There are a few other pictures of sculptures here from last year.

The best part of the trip was spending time with some friends who I hadn't seen in a while. Wish I could have stayed longer.

The weather was splendid, though and the night sky was bursting with stars. Borrego Springs is where I first fell in love with the desert just before I started blogging. I love going back there.

Wednesday, November 16, 2011

Death Valley

This was my first trip to Death Valley and it will not likely be my last. What a beautiful place! Now, I love the desert, but this was not at all what I expected and I heard the same from other first timers.

The colors and textures of the hills in Death Valley are gorgeous. This was taken at a place called Artist's Pallette due to the colors in the hills.


We took a short hike up a hill to a natural bridge. Look at the texture of the hills here.


And here's the natural bridge.



The Devil's Golf Course named because only the devil could play golf on its surface due to a rough texture from the large halite salt. Notice the snow on some of the mountain peaks behind me.


Badwater Basin is 282 feet below sea level, the lowest elevation in the western hemisphere. The red arrow points to a marker in the hill that indicates where sea level is.


Scotty's Castle, 56 miles north of where we were camped in Furnace Creek, is not really a castle and not built or owned by Scotty. This villa, which was built in the 1920's, more than 50 miles from its nearest neighbor, has always had running water and electricity.


I particularly liked the kitchen which was very modern for one built way back then with an electric refrigerator, gas stove, hot and cold running water (the hot water was solar heated).


The music room was also pretty awesome with player piano and organ and other instruments.



Ubehebe Crater is a volcanic crater in Death Valley not far from Scotty's Castle. If we'd had more time, I would like to have hiked the trail around the top of the crater. Maybe next visit.


We also participated in some of the Death Valley 49ers Encampment festivities. Some of the entertainment in the evenings was pretty good. It was chilly at night under the stars, but worth it to hear a couple of the singers they had there. Belinda Gail and Mary Kaye were my favorites. Those girls sure could sing.

Saturday, November 5, 2011

Cars, cars and more cars

Among the "Top 10 Automobile Museums" per edmunds.com is the Peterson Automotive Museum in Los Angeles.

There are a few interesting dioramas like this one with a 1901 Breer, a steam engine car built by 17-year Carl Breer in his father's blacksmith shop.

The Peterson is more than a collection of cars and their history, however.
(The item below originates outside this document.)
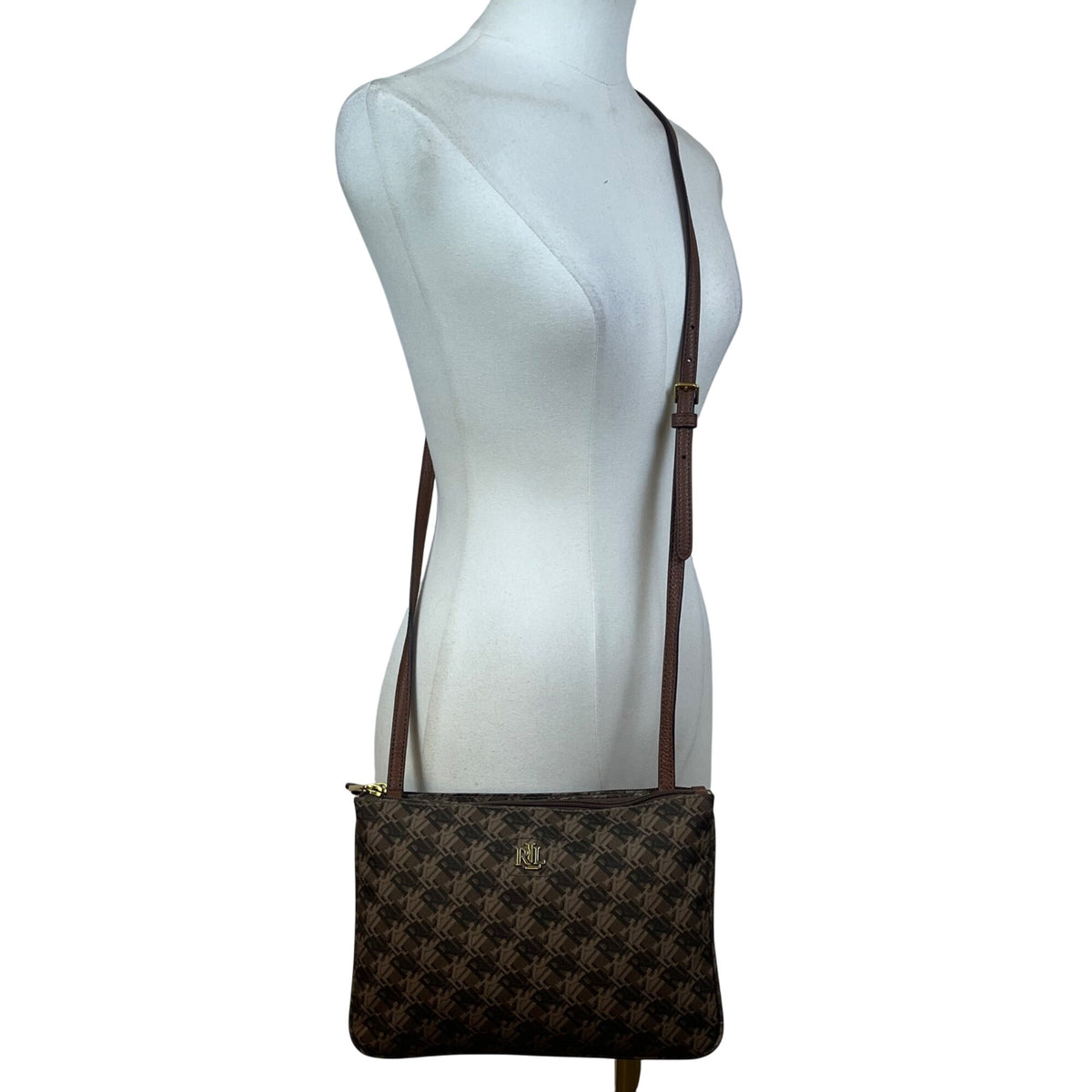 Polo Ralph Lauren Women’s Brown Faux Leather With RLL Monogram Crossbody Bag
There's a lot of information on how cars have affected and shaped our culture with gas stations, strip malls, drive-in theaters, insurance, roads, highways, taxes, muscle cars, racing, etc.

On the 2nd floor, there are special exhibits, at least some of which are temporary. Alternative fuels was the subject of one of the exhibits. There was an electric car from 1897 and a new electric car of 2010.

Here's a 1974 Dutcher which runs on steam. This one is from the Jay Leno collection.

And here's a 2005 Nissan fuel cell car.

There are some famous Hollywood cars, including a 1989 Batmobile.

One of the special exhibits was on Scooters.

Another special exhibit was a tribute to Phil Hill, a legendary American racing champion. He also collected and restored cars like this one which was my favorite car in the museum, a 1912 Packard which won a Best in Class award at the prestigious Pebble Beach Concours d'Elegance.

Of course, no auto museum is complete without at least one old or otherwise unique RV. This is a 1938 Curtiss Aerocar.

It's pulled by a 1938 Reo. Both of these are one of a kind.



Other auto museums I've been to which you might be interested in:

In Las Vegas, the collecton at the Imperial Palace is billed as the world's largest classic car showroom.


If you like Ferraris and race cars, check out the Marconi Museum in Tustin, CA.

If you're in San Diego and visiting Balboa Park, the San Diego Auto Museum is a small but worthwhile collection to take a look at.

And one of my ALL-TIME FAVORITES is the Nethercutt Collection in Sylmar, CA. They also have the most elegant website. Check it out.